"While attractions for tourists are unlimited in California, it is necessary to advise persons seeking employment not to come here at this time. When opportunity arises California will gladly make it known."
A striking Depression Era birds-eye view map of California, focusing on the major points of interest within the state, as well as major items of commerce, including oil fields near Long Beach, orange groves, old mining towns, and much more. The map shows the cities and attractions of California in great detail, showing all parts of the state although the coast, in the foreground, is given the most attention. Parts of Oregon, Nevada, and Arizona are all shown in the same style. The title names the state as well as showing cartoons of present and past life in California, from conquistadors to wine-makers to skiers.

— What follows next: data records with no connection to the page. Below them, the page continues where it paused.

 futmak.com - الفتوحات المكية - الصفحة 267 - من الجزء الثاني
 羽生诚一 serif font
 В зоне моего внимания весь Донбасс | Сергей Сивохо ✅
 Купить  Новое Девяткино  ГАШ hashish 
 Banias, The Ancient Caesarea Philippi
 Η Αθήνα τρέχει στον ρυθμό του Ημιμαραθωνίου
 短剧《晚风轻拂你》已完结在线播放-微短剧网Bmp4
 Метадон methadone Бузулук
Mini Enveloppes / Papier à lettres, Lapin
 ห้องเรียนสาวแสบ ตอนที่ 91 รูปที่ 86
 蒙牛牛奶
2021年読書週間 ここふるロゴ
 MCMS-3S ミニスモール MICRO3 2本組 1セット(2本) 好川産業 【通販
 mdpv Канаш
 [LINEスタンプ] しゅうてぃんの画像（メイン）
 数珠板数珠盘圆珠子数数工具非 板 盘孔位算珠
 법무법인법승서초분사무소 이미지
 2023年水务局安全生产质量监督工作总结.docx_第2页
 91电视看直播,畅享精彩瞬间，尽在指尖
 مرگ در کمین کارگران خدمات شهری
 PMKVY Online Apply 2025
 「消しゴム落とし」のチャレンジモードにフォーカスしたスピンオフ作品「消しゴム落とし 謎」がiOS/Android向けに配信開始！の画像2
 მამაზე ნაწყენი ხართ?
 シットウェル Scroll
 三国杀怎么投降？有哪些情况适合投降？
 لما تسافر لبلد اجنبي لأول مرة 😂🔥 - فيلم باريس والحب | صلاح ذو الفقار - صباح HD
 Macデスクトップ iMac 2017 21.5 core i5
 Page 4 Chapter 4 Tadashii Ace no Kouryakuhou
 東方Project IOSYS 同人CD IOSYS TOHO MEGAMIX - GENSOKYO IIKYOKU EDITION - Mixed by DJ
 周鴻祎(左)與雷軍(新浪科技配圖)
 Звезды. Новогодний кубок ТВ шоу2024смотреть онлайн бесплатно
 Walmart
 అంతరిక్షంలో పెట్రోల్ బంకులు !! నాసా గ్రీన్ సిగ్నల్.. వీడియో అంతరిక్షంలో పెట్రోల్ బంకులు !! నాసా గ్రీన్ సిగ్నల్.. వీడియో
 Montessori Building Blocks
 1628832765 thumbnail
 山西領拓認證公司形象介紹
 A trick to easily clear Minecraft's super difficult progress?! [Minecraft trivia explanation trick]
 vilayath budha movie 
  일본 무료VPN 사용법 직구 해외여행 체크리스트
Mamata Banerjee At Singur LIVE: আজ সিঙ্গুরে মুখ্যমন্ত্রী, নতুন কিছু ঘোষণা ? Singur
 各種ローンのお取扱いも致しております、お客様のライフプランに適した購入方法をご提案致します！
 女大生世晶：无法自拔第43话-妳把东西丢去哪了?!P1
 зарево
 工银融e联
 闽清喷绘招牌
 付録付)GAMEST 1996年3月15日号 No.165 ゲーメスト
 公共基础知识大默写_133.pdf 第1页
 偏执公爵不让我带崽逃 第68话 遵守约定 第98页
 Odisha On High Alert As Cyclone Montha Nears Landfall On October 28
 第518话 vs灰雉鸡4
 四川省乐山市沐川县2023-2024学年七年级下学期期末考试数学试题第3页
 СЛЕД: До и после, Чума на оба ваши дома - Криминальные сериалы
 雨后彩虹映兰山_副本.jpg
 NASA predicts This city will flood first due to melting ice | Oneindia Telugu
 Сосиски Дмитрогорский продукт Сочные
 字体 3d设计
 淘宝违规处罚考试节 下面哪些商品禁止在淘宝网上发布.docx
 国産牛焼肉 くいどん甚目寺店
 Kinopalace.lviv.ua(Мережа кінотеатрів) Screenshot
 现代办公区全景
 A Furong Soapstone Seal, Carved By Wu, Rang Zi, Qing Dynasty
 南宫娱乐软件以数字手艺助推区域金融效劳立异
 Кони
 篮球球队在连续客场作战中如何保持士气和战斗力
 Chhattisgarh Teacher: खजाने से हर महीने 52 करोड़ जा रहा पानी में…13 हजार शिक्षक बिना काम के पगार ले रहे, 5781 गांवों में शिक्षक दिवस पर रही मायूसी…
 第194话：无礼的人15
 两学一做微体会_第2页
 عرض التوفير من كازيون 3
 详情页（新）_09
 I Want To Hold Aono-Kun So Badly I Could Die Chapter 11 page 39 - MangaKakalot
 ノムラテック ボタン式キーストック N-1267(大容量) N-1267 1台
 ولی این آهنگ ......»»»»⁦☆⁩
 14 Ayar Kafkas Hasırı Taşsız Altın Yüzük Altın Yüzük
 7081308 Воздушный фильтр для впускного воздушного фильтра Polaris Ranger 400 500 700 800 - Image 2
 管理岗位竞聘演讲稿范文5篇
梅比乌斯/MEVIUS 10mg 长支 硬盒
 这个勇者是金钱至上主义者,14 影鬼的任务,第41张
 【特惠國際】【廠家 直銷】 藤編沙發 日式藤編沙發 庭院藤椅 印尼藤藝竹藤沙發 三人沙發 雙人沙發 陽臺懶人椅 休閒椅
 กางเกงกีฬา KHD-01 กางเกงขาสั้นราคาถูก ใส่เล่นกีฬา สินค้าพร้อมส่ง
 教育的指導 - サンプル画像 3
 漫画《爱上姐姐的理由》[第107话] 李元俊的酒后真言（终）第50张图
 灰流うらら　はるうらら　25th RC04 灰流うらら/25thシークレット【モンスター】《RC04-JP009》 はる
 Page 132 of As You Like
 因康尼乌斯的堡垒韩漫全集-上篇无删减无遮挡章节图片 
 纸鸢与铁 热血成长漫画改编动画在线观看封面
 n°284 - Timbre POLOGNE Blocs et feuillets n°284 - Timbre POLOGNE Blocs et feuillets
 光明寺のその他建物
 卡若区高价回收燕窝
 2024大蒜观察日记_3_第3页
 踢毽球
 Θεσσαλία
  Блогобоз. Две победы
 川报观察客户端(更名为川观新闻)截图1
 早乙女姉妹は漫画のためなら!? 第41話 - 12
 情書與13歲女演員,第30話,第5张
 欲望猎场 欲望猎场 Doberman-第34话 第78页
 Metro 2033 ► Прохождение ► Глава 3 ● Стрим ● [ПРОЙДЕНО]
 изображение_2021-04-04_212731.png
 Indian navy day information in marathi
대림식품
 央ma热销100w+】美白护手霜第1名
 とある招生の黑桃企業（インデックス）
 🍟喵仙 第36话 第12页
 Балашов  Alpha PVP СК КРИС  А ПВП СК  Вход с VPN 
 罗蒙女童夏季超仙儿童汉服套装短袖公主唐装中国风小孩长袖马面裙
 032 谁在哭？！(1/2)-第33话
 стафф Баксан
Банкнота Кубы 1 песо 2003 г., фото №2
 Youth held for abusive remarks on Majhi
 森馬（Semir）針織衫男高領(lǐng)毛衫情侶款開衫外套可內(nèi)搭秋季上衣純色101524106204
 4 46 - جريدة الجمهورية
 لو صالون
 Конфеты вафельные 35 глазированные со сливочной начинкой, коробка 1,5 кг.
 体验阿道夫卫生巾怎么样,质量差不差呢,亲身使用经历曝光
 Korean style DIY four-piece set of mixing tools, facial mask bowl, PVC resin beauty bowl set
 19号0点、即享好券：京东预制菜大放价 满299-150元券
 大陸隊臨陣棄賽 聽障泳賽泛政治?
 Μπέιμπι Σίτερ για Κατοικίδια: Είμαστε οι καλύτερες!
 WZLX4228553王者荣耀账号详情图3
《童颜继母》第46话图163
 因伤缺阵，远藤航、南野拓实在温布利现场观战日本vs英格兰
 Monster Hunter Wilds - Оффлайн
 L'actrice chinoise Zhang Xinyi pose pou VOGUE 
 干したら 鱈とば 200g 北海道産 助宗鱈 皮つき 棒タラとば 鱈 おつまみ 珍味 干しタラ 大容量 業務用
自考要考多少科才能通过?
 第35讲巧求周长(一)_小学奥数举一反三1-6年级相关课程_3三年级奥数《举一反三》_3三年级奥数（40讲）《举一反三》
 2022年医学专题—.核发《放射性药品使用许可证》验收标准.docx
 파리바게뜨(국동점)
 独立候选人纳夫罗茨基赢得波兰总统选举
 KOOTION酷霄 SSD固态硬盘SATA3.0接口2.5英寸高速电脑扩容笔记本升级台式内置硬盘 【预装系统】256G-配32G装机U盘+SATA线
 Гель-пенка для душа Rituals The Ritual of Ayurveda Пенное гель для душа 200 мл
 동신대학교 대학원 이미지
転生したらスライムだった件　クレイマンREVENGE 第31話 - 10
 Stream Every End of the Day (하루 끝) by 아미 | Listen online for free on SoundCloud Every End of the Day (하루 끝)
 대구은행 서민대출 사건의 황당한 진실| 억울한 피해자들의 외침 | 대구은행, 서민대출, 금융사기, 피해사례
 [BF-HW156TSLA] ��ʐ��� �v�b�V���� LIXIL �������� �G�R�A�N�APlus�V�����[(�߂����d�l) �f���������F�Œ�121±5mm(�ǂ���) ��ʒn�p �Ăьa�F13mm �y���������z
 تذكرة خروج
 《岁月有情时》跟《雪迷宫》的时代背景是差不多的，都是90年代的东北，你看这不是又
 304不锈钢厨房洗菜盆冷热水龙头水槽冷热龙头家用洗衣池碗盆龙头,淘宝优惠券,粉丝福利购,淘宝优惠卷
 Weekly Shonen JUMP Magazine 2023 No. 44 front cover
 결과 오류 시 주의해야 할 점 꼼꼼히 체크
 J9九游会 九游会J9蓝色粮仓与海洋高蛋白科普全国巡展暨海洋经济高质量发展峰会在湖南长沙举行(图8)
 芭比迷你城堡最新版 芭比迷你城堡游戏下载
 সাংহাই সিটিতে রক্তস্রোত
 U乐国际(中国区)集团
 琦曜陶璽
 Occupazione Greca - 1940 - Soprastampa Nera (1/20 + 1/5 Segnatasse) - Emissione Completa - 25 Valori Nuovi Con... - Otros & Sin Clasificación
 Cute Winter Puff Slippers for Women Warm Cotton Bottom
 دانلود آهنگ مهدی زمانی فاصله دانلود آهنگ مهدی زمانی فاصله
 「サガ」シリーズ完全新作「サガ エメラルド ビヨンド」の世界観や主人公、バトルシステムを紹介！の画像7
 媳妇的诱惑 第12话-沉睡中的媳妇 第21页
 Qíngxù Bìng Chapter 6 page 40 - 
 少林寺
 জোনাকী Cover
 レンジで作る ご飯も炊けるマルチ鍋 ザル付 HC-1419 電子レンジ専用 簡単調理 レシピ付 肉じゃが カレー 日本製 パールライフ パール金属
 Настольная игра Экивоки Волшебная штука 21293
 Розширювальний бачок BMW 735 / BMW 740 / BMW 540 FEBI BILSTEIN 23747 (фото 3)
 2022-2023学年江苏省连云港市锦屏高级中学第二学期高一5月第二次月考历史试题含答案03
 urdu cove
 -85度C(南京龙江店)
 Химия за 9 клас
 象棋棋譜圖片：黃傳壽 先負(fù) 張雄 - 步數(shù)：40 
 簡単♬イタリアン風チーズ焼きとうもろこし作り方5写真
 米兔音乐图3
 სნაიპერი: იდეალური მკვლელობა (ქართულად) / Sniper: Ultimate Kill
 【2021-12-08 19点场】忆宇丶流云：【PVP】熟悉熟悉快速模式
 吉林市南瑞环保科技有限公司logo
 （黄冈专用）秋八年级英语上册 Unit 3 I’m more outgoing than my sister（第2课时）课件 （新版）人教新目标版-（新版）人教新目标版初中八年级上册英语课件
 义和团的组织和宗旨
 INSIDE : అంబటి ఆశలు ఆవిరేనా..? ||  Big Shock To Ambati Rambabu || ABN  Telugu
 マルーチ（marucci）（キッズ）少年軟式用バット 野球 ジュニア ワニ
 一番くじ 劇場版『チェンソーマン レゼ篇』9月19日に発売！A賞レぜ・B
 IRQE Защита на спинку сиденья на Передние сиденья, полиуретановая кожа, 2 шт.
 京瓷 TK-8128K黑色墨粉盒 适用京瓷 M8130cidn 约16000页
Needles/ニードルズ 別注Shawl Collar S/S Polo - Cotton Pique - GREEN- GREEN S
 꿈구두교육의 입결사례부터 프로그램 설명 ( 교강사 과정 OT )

The text on verso describes "Principal Points of Tourist Interest" as well as showing a road map. This includes an inset road map of Los Angeles, showing the area from the San Fernando Valley to Long Beach. The text acts as an index for both maps, and it goes into great detail about the various points of interest from Wringley's million-dollar casino in Avalon to Mt. Whitney "highest point in the U.S."
A welcoming message on the front of the map is signed by Frank F. Merriam, Governor of California which dates this map to the period of 1934 - 1939. An interesting "warning" on the verso states that while tourist opportunities are unlimited in California, employment opportunities are not and that those seeking employment should not visit, perhaps suggesting an earlier part of Merriam's tenure.